Presidents Club to scrap further events and close after 'slimeball' scandal

The Presidents Club will close and not host any further fundraising events following allegations of harassment at a London dinner.

The charity has been rocked by claims its recent all-male fundraising dinner, held at the Dorchester Hotel last Thursday, saw female workers groped, sexually harassed and propositioned.

In a statement, the organisation said: "The trustees have decided that the Presidents Club will not host any further fundraising events.

"Remaining funds will be distributed in an efficient manner to children's charities and it will then be closed."
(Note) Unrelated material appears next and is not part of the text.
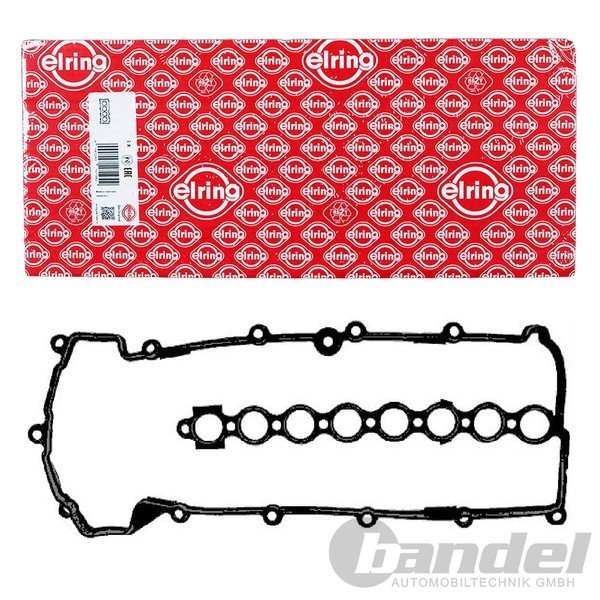 Elring Ventildeckeldichtung Passend FüR Land Rover Freelander MG ZT ZT- Rover-image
The Presidents Club's accounts reveal it hands millions of pounds a year to charitable causes.

But allegations about the secretive Dorchester dinner, published after an undercover investigation by the Financial Times, have prompted an outpouring of criticism for the event's organisers and more than 300 male guests.

Businessman David Meller, who is on the board of the Presidents Club charitable trust, has left his non-executive role with the Department of Education amid the scandal.

Opposition MPs have also raised questions about the attendance of Tory minister Nadhim Zahawi at the London dinner, which has been an annual event for more than 30 years.

The politician, said to have left the dinner early, branded reports of behaviour at the event "shocking" and vowed never to attend a men-only function again.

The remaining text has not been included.